Apart from this, the major issue that needs to be addressed is in terms of liability and ownership, as into who will be held liable in case any sought of illegal action is brought against the action of AI, is it the software that is to be held liable or it’s the owner of the software? And does the AI have the power to assign or transfer ownership to the 3rd parties?

To deal with these kinds of the situation at the present we consider the 3 principles laid down by legal scholar Gabriel Hallevy:

  1. “Perpetration-via-another liability model”– this gives the situation where mens-rea (the knowledge of the wrongdoing) would not be applicable on the AI concerning the illegal activities rather the perpetrator would be either the owner of the software or the user of the AI.
  2. “Natural-Probable-Consequence liability model”- this normally holds the programmer/ users responsible for the illegal acts committed, as it believes that the programmers or users are deeply involved in the everyday operations of the AI entity, but without intent to commit an offense. But then as it is known that ignorance of the law cannot be used as a defense, it assumes that the programmers or users of an AI should have known about the likelihood of committing the relevant offense, and therefore holds them responsible.
  3. “Direct Liability model”- this suggests that AI should be entirely held responsible for the illegal acts committed and not the programmer/user.

There has been a significant change that is waiting ahead of us, currently, the laws are not clear and are ambiguous on certain terms and provisions but because the future lies in AI the laws need to adapt to the new AI dominated world and find answers to the issues at the earliest.

Designs and AI generated work

The main purpose of Design rights is to protect the aesthetic element of a product, these aesthetic elements might include shape, color, pattern, etc.
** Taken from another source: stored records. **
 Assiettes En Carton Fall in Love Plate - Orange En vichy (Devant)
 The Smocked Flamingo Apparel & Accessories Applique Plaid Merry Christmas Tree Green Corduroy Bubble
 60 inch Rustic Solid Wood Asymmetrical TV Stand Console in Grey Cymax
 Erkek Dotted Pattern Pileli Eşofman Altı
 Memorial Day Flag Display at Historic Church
Industrial Design may be either 3D or 2D in nature. As we know that AI technology is capable of generating Artistic work they are also capable of creating 2D and 3D features of the concerned product. 
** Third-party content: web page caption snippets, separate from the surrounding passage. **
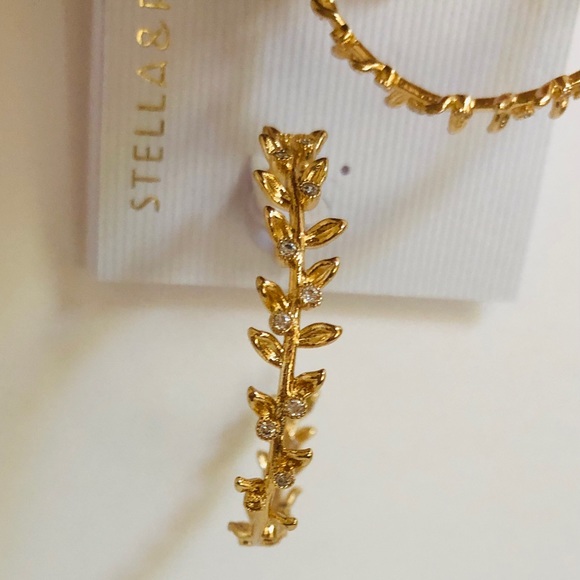 Stella & Ruby Gold Plated Hoop Earrings Trailing Leaf Crystal Accent - Picture 5 of 6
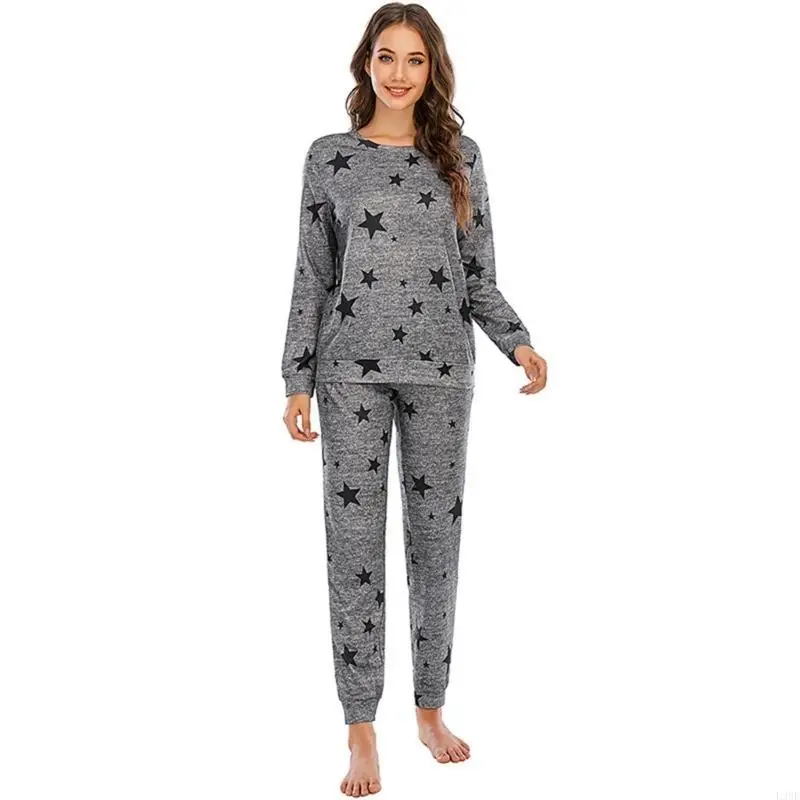 L38E Women Star Print Long Sleeve Top and Jogger Pants Matching Pajamas with Pockets
L38E Women Star Print Long Sleeve Top and Jogger Pants Matching Pajamas with Pockets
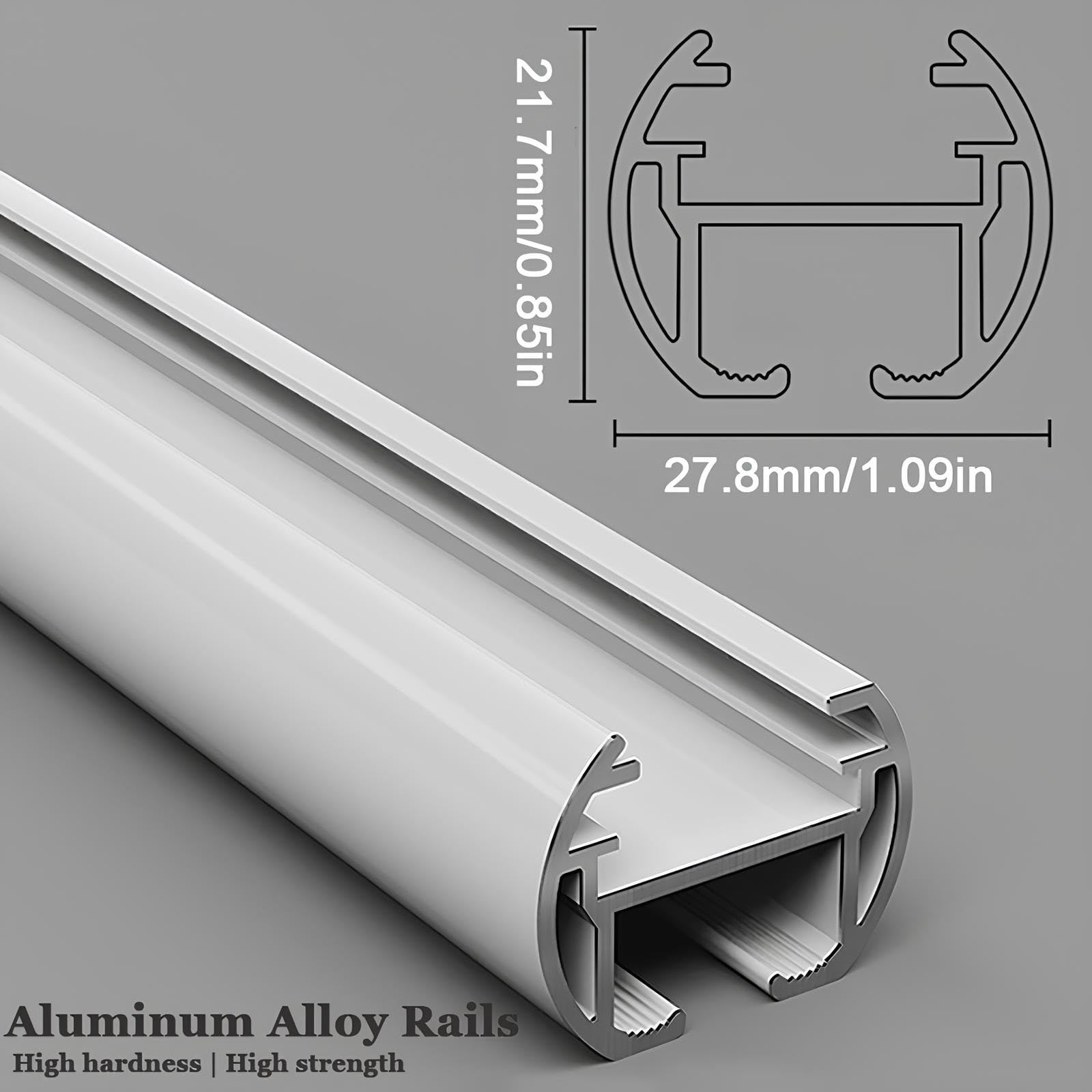 Doppelte Gardinenstangen Für Raumhohe Fenster, Geräuschlose Vorhangschiene Für Erkerfenster Im Wohnzimmer, Verschiebbare Raffgardinenstange Zur Wandmontage(White,600cm/19.6ft(4 * 150))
Design created by AI technology, whether with human intervention/without human intervention are termed as “AI-generated designs” but then again the similar issues regarding Whether AI-generated design can be granted design protection? Whether there should be any kind of special legal framework that deals with the authorship and ownership aspect in the case of AI-generated work?

Currently, the laws are silent about these issues and there is no concrete answer to this question. Normally there are 2 types of protection under the design rights i.e. registered and unregistered designs. In cases where AI-generated wants seek protection under registered design, the chances of getting it might narrow down as issues like identifying the author and owner are still ambiguous as it is assessed individually solely based on the merits of the case. 
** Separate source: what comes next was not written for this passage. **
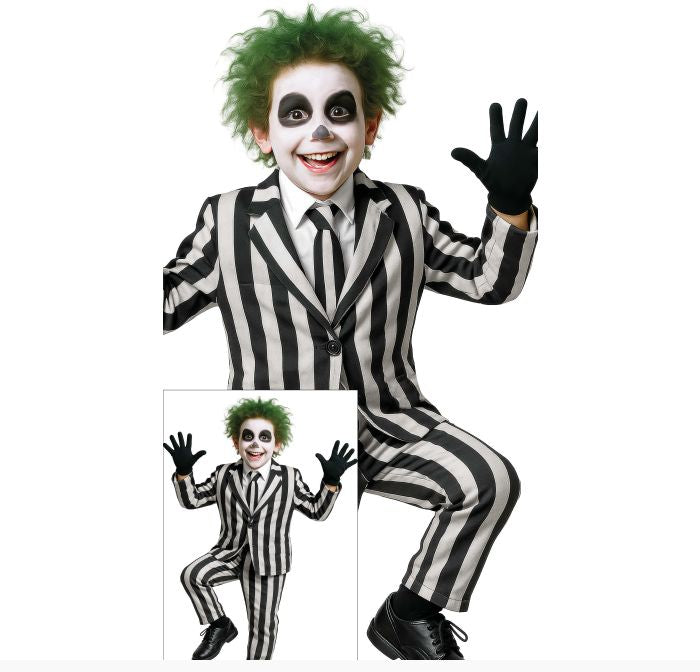 A child modeling a black and white striped costume resembling the character Beetlejuice, with green hair, black face paint, a striped shirt, striped jacket, striped pants, and black gloves.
At present, the law has not addressed the elephant in the room and is therefore open for various interpretations. The stringent laws and provisions need to change and should be at par in the tech world.

Conclusion

The present situation surrounding AI and IPR is very challenging as there are a lot of identified grey areas surrounding this very issue of AI-generated works. Currently, the IP regime is not ready to address this.

At present we are only relying upon precedents and interpretation of the courts, but in the long run, this might not work. There is a dire need to create separate sections and provisions that can deal with AI-generated work as well as introduce special laws that deal with the liabilities and remedies in case of infringement caused. Various international conventions like WIPO have already considered the above matter and have discussed the pros and cons of the same but still, there is a requirement for a uniform structured policy at the international level.

But then, because AI is a relatively new topic so there is no explicit provision as of now but it is taking the words by storm so the existing provisions must be interpreted in such a way that we can reap the benefits of technology without jeopardizing our rights.